Thursday, Aug. 17, 2017 | 2 a.m.
An effort by Nevada Republicans to recall two Democratic state senators and replace them with GOP candidates is despicable in so many respects, it’s hard to know where to start criticizing it.
So in no particular order, here are some of the key problems with it: It’s an abuse of the recall provision, an attempt to hijack the democratic process, an affront to voters, a possible step toward nonstop elections and a potential form of political bullying that will only add to the corrosiveness of partisanship in the Legislature.
That’s all because the GOP operatives behind the recall attempts have yet to offer any valid reasons that the targets of their effort — Sens. Patricia Farley, an independent, and Joyce Woodhouse, a Democrat — should be ousted.
There has been no indication of serious malfeasance that would suggest the senators are unfit to hold office and therefore deserve to be recalled. No crimes, no scandals, no ugly revelations from the senators’ past. Nothing.
To the contrary, by specifying that they want Republican candidates to replace Farley and Woodhouse, the plotters showed that their scheme for what it is: a power grab by a party that knows it can’t take back control of the Senate, which it lost in 2016, any other way.
In other words, it has nothing to do with good, responsible government, and everything to do with party politics.
That’s not what the recall provision is designed for. The intent of the provision is to give voters an opportunity to remove officeholders who are not fit for office, not to give one party a tool with which to pry opponents out of their seats.
If voters let the GOP get away with this, the possible implications could include wave after wave of recall elections as operatives from both parties try to gain seats and weaken the opposing party. In the Legislature, party leaders could strong-arm opposition lawmakers by threat of baseless recall attempts.
The threat of recall could also create a chilling effect on policy debate. According to media reports, Woodhouse may have drawn the GOP’s ire by co-sponsoring a “sanctuary city” bill that would have limited the amount of information local and state law enforcement authorities could share with federal immigration officials. If the recall attempts on Woodhouse and Farley would succeed, lawmakers might be less inclined in future sessions to take strong, vocal stances on divisive issues.
That would be a devastating effect, as the way to a strong democracy involves more ideas and more discussion, not less.
And while candidates who are targeted for ouster can run in a recall election, doing so would sap away time and effort that would best be spent on governing.
To succeed, the plotters will need to get more than 7,100 signatures from people who voted in Farley’s district and more than 13,000 in Woodhouse’s district. For Farley, who was elected by a wide margin but then left the Republican Party to become an independent, the recall election would be a waste of tax dollars given that she has already announced she wouldn’t seek another term.
In the effort against Woodhouse, the plotters appear to be motivated purely by opportunism. Woodhouse eked out a win in 2016 over Republican candidate Carrie Buck by 469 votes of the 54,731 cast in her district, so the Republicans obviously saw her as vulnerable.

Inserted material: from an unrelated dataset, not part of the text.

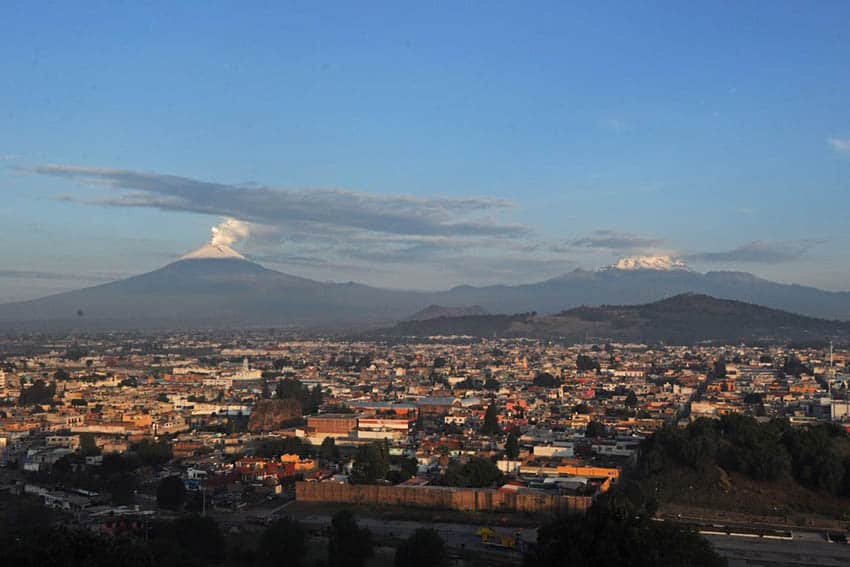 Popocatépetl and Iztaccíhuatl with the town of Cholula.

The Woodhouse petition was filed by former GOP Assemblyman Stephen Silberkraus, while the group targeting Farley includes individuals associated with the conservative political group Keystone Corporation.
What can voters do to oppose these plotters? Beyond refusing to sign the petitions, they would also be well-served by contacting state GOP leaders and demanding that they oppose this attempt to undermine the election process.
To his credit, Gov. Brian Sandoval distanced himself from the recall efforts and said those behind them were “on their own,” but some who have not followed Sandoval’s lead include Senate Minority Leader Michael Roberson (email address: [email protected]) and Lt. Gov. Mark Hutchison (online email form: http://ltgov.nv.gov/Contact/Email/).
Update: Shortly after this editorial was written, Democrat Nicole Cannizzaro, who represents Senate District 6 in the northwest Las Vegas Valley, was targeted for recall. The petition aims to replace her with April Becker, a Republican.